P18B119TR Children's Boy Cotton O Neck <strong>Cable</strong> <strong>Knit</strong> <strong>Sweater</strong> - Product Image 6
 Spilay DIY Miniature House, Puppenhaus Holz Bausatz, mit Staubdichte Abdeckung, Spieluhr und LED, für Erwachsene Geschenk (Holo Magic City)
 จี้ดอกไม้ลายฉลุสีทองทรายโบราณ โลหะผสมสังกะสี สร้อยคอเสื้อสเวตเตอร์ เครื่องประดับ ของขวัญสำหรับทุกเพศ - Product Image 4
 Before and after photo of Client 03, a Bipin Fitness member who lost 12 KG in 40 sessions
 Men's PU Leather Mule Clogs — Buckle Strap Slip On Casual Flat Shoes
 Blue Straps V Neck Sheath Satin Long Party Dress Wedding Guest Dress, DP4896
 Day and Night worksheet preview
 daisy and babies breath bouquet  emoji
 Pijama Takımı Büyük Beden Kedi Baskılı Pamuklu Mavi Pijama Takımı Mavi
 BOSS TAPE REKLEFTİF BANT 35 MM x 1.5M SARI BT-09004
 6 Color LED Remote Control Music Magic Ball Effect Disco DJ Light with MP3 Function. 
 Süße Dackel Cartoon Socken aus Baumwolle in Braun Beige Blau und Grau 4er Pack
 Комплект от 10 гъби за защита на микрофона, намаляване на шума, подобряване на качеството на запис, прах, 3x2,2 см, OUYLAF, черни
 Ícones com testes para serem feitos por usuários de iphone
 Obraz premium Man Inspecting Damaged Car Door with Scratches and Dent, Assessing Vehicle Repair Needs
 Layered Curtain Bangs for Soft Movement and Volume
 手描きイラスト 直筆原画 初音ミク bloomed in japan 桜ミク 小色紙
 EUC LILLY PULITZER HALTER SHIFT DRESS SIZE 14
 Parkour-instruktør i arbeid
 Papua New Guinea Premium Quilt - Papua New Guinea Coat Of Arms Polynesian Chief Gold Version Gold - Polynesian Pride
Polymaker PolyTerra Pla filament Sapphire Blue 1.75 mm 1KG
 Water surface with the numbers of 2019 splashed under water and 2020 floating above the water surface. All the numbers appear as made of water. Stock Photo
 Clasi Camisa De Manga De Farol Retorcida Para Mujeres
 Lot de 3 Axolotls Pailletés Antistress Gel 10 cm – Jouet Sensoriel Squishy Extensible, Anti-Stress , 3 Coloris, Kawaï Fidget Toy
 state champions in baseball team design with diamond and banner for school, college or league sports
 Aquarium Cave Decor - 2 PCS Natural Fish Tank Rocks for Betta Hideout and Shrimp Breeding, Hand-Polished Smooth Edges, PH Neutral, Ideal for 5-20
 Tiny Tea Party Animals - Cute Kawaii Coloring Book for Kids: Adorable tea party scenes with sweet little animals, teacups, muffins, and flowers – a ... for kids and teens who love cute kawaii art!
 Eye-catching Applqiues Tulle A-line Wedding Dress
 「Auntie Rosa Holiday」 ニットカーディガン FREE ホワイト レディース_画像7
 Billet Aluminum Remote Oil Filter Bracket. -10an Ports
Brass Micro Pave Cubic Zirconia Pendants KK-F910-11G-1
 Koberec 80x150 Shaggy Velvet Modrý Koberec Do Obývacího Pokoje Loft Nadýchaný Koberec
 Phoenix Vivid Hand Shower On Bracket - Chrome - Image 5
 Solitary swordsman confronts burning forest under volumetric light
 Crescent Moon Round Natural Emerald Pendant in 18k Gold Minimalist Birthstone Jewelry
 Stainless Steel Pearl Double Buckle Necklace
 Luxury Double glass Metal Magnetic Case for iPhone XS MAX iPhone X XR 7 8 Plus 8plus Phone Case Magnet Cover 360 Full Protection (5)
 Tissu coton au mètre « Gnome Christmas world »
☆ ☆ ☆ ☆
The line containing "Clasi Camisa De" marks the end. Please print exactly every line from the top of the data to it, both included, and nothing more.

• _Completed task_:
P18B119TR Children's Boy Cotton O Neck <strong>Cable</strong> <strong>Knit</strong> <strong>Sweater</strong> - Product Image 6
 Spilay DIY Miniature House, Puppenhaus Holz Bausatz, mit Staubdichte Abdeckung, Spieluhr und LED, für Erwachsene Geschenk (Holo Magic City)
 จี้ดอกไม้ลายฉลุสีทองทรายโบราณ โลหะผสมสังกะสี สร้อยคอเสื้อสเวตเตอร์ เครื่องประดับ ของขวัญสำหรับทุกเพศ - Product Image 4
 Before and after photo of Client 03, a Bipin Fitness member who lost 12 KG in 40 sessions
 Men's PU Leather Mule Clogs — Buckle Strap Slip On Casual Flat Shoes
 Blue Straps V Neck Sheath Satin Long Party Dress Wedding Guest Dress, DP4896
 Day and Night worksheet preview
 daisy and babies breath bouquet  emoji
 Pijama Takımı Büyük Beden Kedi Baskılı Pamuklu Mavi Pijama Takımı Mavi
 BOSS TAPE REKLEFTİF BANT 35 MM x 1.5M SARI BT-09004
 6 Color LED Remote Control Music Magic Ball Effect Disco DJ Light with MP3 Function. 
 Süße Dackel Cartoon Socken aus Baumwolle in Braun Beige Blau und Grau 4er Pack
 Комплект от 10 гъби за защита на микрофона, намаляване на шума, подобряване на качеството на запис, прах, 3x2,2 см, OUYLAF, черни
 Ícones com testes para serem feitos por usuários de iphone
 Obraz premium Man Inspecting Damaged Car Door with Scratches and Dent, Assessing Vehicle Repair Needs
 Layered Curtain Bangs for Soft Movement and Volume
 手描きイラスト 直筆原画 初音ミク bloomed in japan 桜ミク 小色紙
 EUC LILLY PULITZER HALTER SHIFT DRESS SIZE 14
 Parkour-instruktør i arbeid
 Papua New Guinea Premium Quilt - Papua New Guinea Coat Of Arms Polynesian Chief Gold Version Gold - Polynesian Pride
Polymaker PolyTerra Pla filament Sapphire Blue 1.75 mm 1KG
 Water surface with the numbers of 2019 splashed under water and 2020 floating above the water surface. All the numbers appear as made of water. Stock Photo
 Clasi Camisa De Manga De Farol Retorcida Para Mujeres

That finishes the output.